▶ **Task description**
Using the listing below, print the line containing "Exercise four is", the line containing "Welcome to Tech", and each line between them, exactly and nothing else. Pictures stay out of the print.

───── Record excerpts

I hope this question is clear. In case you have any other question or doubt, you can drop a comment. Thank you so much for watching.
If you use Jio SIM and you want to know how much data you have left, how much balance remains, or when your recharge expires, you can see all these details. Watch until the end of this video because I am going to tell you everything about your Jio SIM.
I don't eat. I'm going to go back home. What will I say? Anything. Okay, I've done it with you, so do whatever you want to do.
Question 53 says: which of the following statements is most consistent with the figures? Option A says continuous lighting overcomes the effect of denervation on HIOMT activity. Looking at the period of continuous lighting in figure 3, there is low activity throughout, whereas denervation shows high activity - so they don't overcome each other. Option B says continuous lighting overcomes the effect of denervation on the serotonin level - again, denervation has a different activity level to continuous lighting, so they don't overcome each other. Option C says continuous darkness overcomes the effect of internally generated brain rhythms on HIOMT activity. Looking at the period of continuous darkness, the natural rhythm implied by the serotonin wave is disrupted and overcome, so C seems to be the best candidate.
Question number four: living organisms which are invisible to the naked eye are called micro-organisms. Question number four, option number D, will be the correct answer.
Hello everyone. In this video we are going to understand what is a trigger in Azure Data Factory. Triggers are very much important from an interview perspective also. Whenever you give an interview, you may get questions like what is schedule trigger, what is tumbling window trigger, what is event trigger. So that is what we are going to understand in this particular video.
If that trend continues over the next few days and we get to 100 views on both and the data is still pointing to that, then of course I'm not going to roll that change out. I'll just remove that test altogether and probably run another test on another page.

──────────
───── Record excerpts

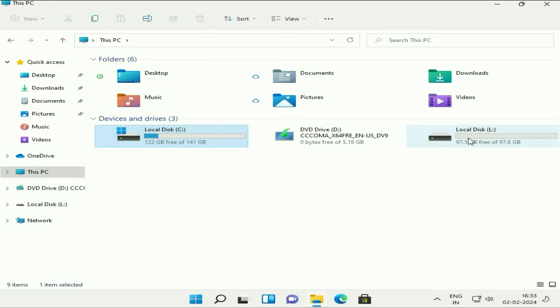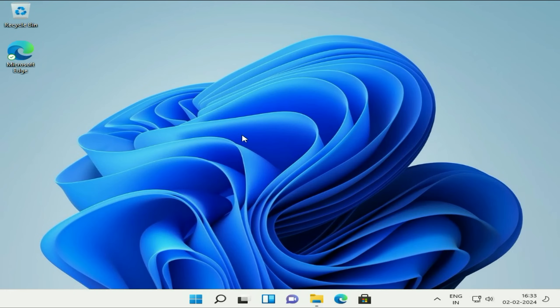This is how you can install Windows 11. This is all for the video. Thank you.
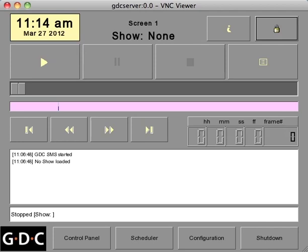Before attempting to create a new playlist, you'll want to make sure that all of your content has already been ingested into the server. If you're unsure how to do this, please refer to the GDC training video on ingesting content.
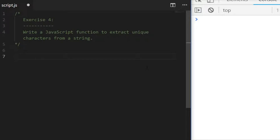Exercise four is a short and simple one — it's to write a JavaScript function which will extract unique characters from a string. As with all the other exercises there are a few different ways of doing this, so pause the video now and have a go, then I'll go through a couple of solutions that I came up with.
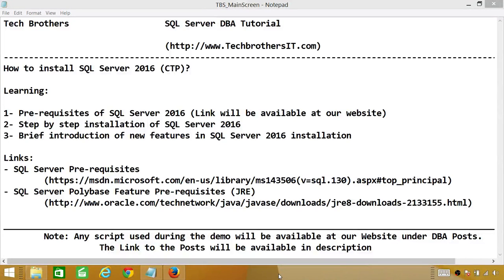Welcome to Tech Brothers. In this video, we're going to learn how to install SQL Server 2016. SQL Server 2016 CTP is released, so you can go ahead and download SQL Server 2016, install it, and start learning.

──────────
───── Record excerpts

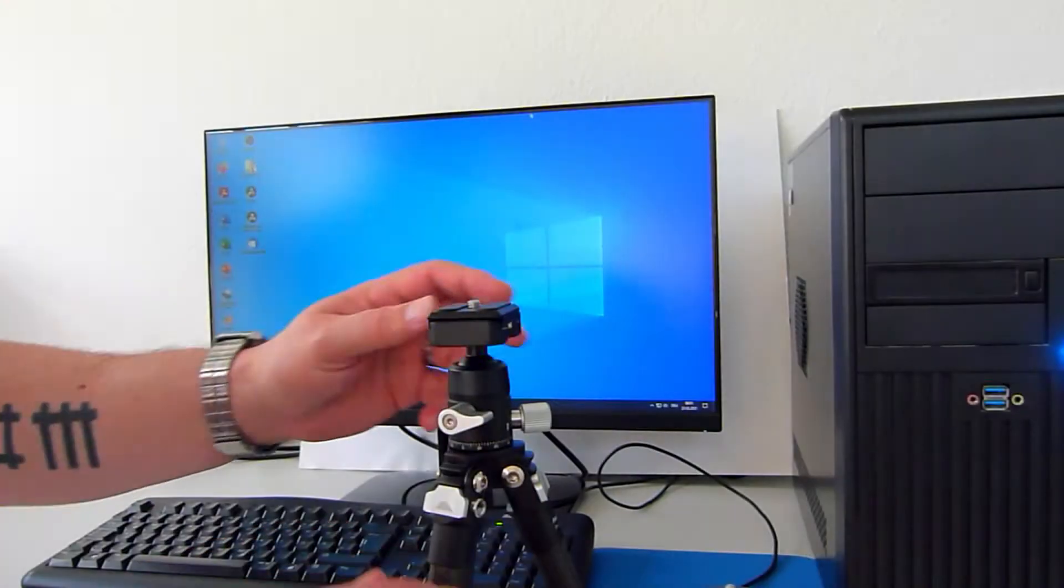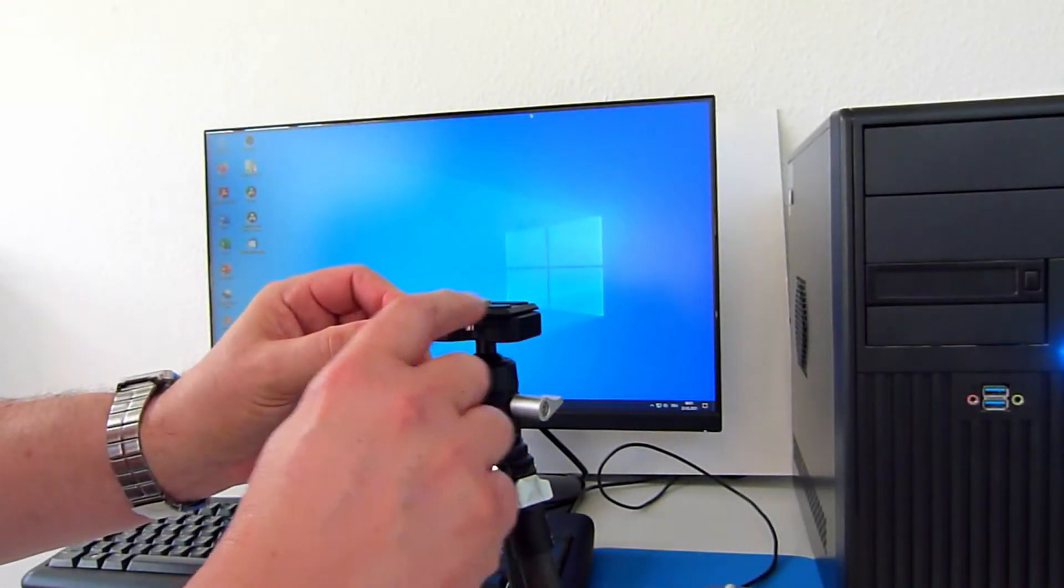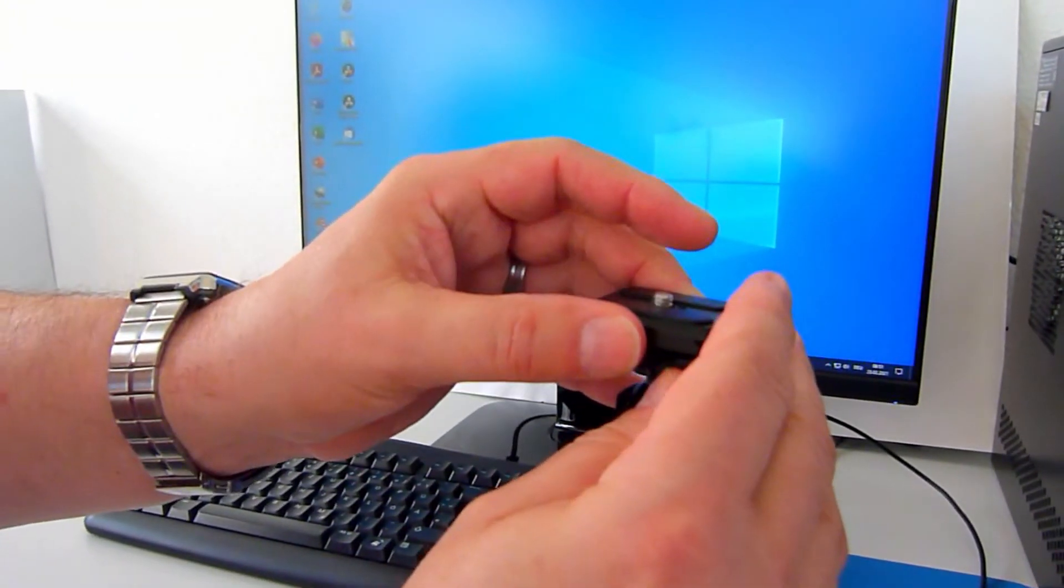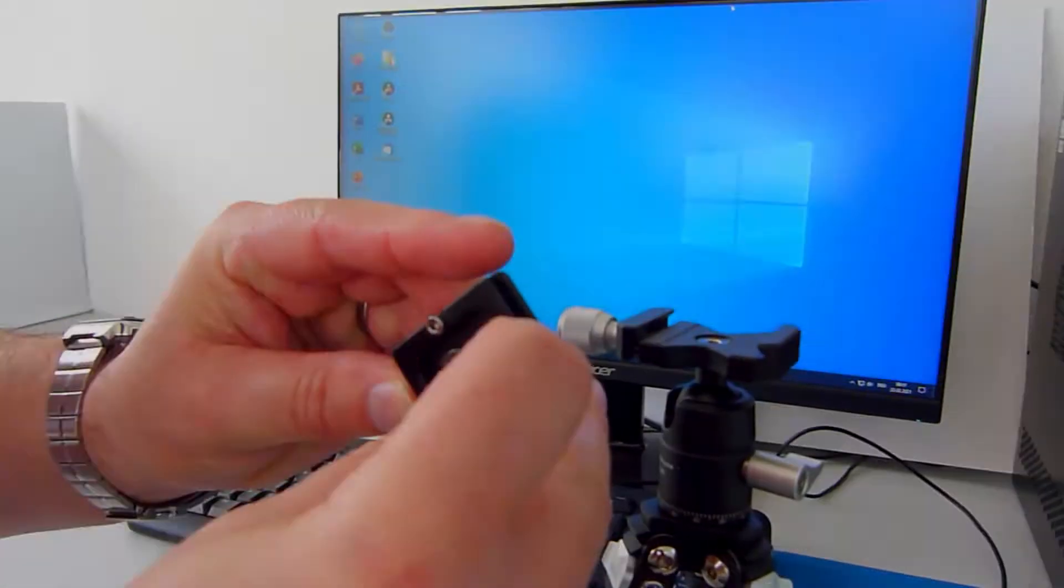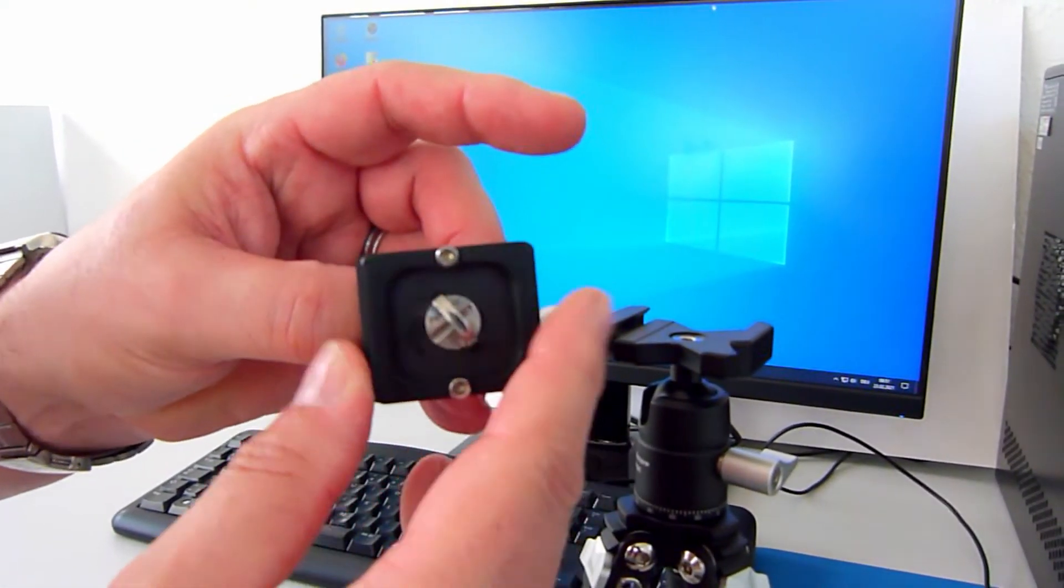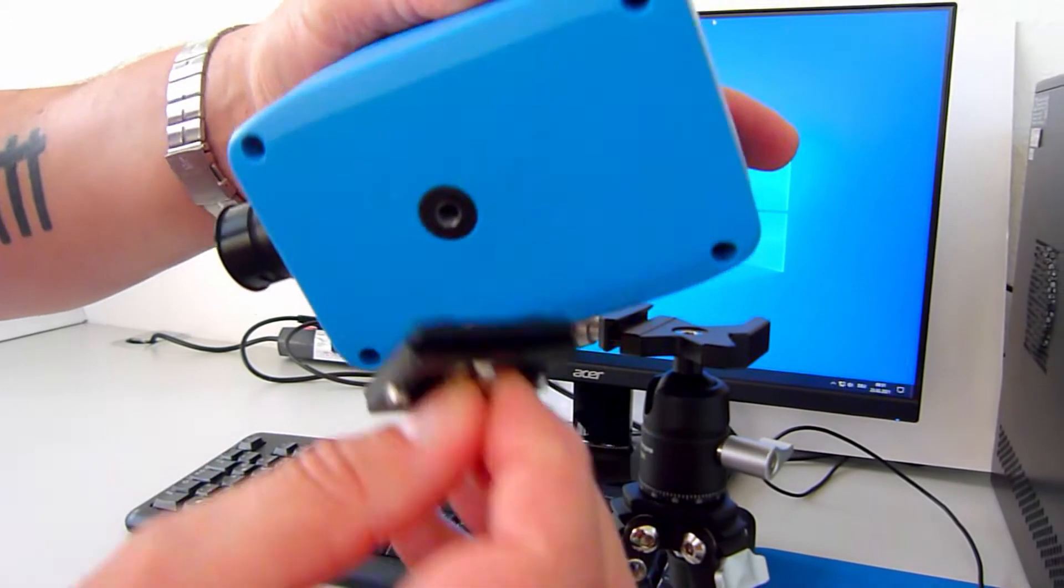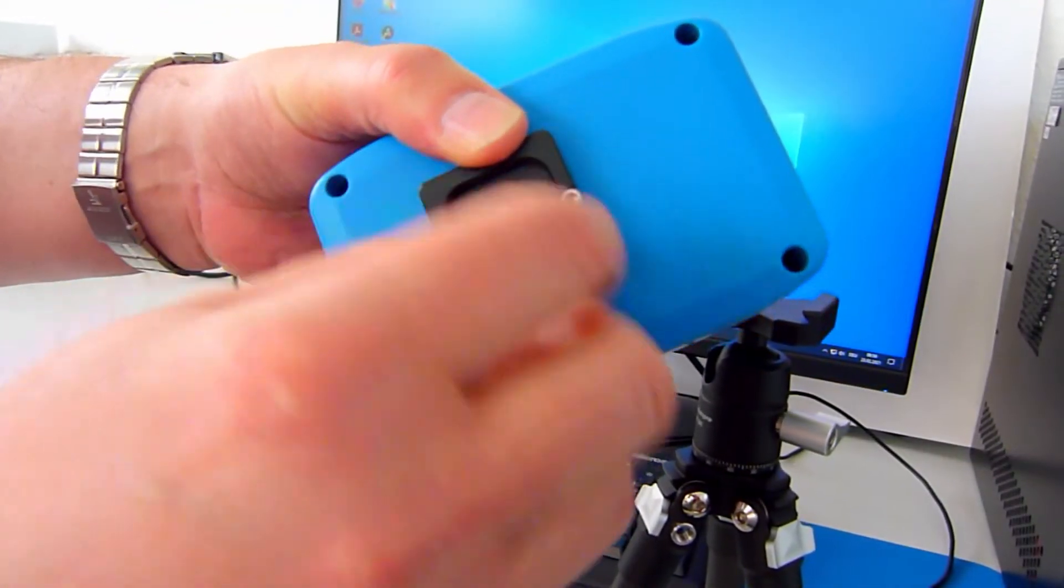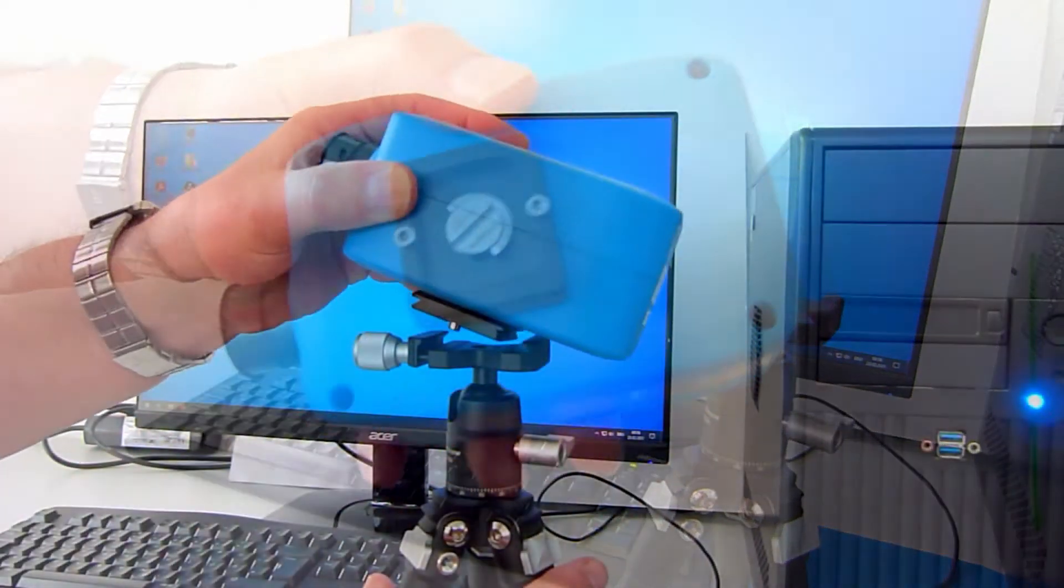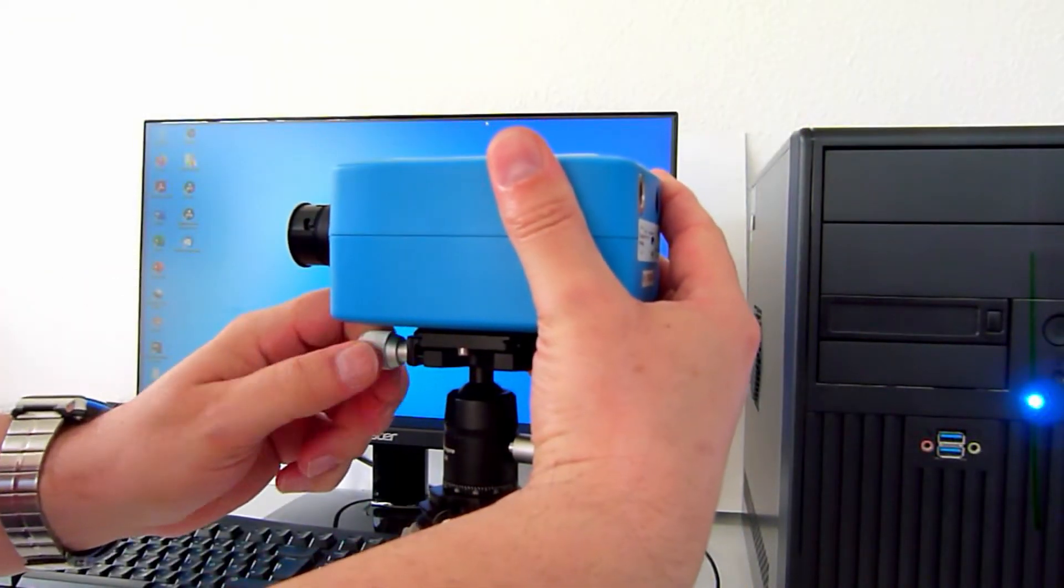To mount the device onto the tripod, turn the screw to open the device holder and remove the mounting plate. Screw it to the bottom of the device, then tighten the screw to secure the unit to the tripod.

──────────

▶ **Result below**
Exercise four is a short and simple one — it's to write a JavaScript function which will extract unique characters from a string. As with all the other exercises there are a few different ways of doing this, so pause the video now and have a go, then I'll go through a couple of solutions that I came up with.
Welcome to Tech Brothers. In this video, we're going to learn how to install SQL Server 2016. SQL Server 2016 CTP is released, so you can go ahead and download SQL Server 2016, install it, and start learning.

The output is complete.